Que al pasar, algunas lenguas, de reojo, comentaban, afiladas murmuraciones.
Era uno que iba caminando lento por los paseos adornados con palmeras, mientras los comensales dormían dedicándole una sueño a la digestión.
Poco limpio atuendo traía oscuro, en vestimenta puesto. Zapatos sucios un poco. Del camino que viste y reviste a la polvareda y viceversa.
Avanzaba en lento paso, camino se abría seguro; se trataba pues del extraño.
Sus manos, fuertes. Asido a una vara de gruesa madera, a la vara se atiene, chocando contra la acera testaruda, como un pájaro picando madera para anidar.
El hombre apoyándose, junto al pasar de las horas redondas, esféricas. Camina, marcando el paso como un miocardio cansado, así transita.
En la otra mano, de tela tejida, un saco.
Tela áspera, belicosa, rasposa, rabiosa, intransigente. Llevaba el saco, sujeto bien, y sin desatenderse del.
El hombre extraño, atávico de aspecto, cogido el saco llevaba desde el hombro por las espaldas medio encorvadas. Niñas y niños lo miraban, ojos con temor en la infancia sincera, risueña y llorosa. Miraba al frente ese tal señor. Miraba un poco cabizbajo; quizá obra de alguna clase de cansancio.
La acera era estrecha. Desde alguna vivienda un televisor, y otro, más allá; el hombre silencioso caminaba a cada paso que daba, un aislado golpecito con la vara, en el pavimento lleno de viento y un trozo de papel en un olvido cualquiera. Acercándose al puente; casi una frontera, allí se dirige; el hombre extraño.
Alejándose. El hombre. Solo. De ropas poco favorecidas. Menesterosas.
Y sus zapatos sucios salieron y salen al paso en un camino polvoriento. El barro, aún. Recuerdos líquidos de un día. De una lluvia, fina y delgada; una necesaria inocentada según el saber de la nube en familia ahí arriba entre agua y cielo.
El viejo hombre avanzaba, con él la consecuente vara.
Se acercaba, regresaba, a la parte del extrarradio allá se adentraba, ora desamparado, ora desmejorado barrio navegando a la deriva.
Un lugar donde los niños y las niñas juegan y jugaban alcanzados por la casi indiferencia, al margen, en otra realidad, jugaban a poner el porvenir en juego; un porvenir casi desfigurado que parece se niega a existir.
Con una sonrisa, juegos en las calles, niños faltos, y sobrados de carencias. Estómagos a veces llenos de un hambre domesticado y que sabe esperar y digerir y saborear.
Los adolescentes subidos en veloces bicicletas, se apartaban a otros lugares, sustraían, hurtaban, allende lejos, de un tirón, unas pertenencias; quizá un robo.

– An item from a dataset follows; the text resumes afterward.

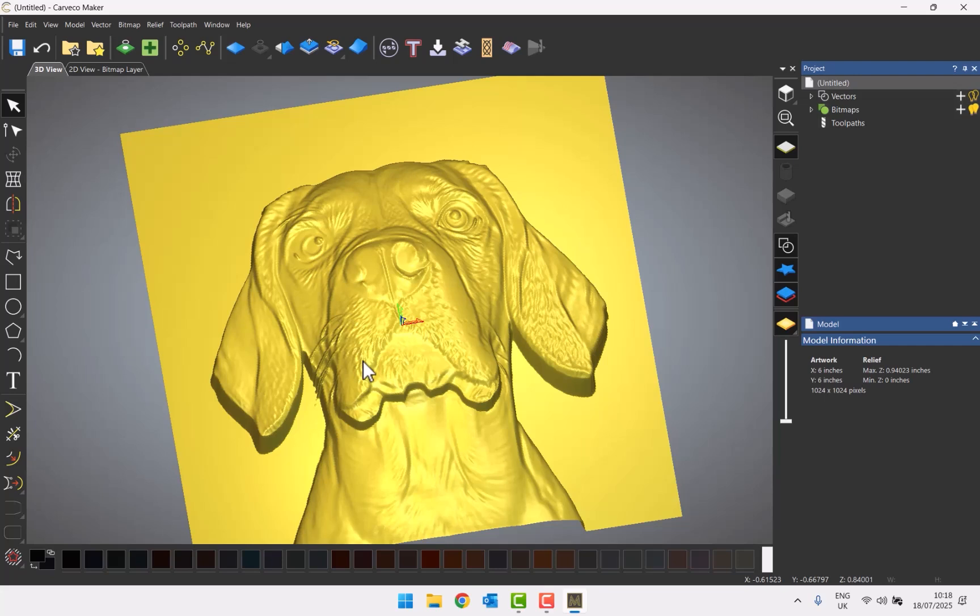That's basically how you use the image-to-relief AI tool in Carveco Maker. In the next video we're going to take a look at converting images into reliefs using the AI features.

Y luego a media mañana otro, y otro, y a esperar a un mejor momento para otro, y en otro día allende nadie los reconozca.

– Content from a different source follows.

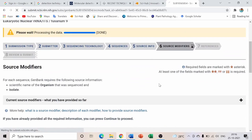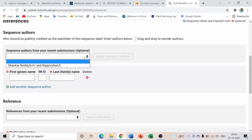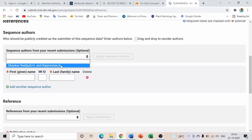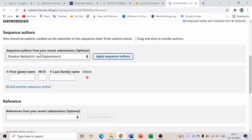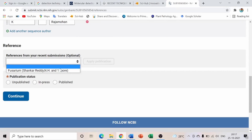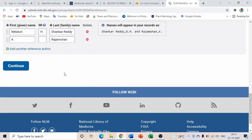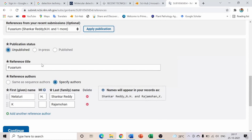I am adding two fields: host (chili) and collected by (my name). Click Continue. The next step is Source Modifier, and after that, References. I already added my name and my supervisor's name. If you are new, add them manually with first name, middle name, and last name.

Personas algo impedidas, mayores. Victimas por los suelos tiradas, sus pertenencias burladas, birladas. Las ropas en parte llenas de polvo al levantarse.
El viejo hombre del saco al hombro; triste. Allí, en el extrarradio. Acá en su tierra se adentró; bajo un portal de pared blanca y manchas no muy oscuras.
Un perro pequeño salía a saludarlo, ladraba el animal, alegre, y las ropas del hombre con olores a maderos quemados en hogueras a la intemperie.
Tablas ardiendo para calentar, al otro lado del puente. Nadie, pocos, a esa parte, no osan.
Los y las niñas ausentes, con una sonrisa. Siguen, jugando con el porvenir juegan.
Tú lo has dicho. Del camino que viste estamos hechos los que miramos al horizonte porque caminamos hacia él. La edad es sólo un tiempo que se repite.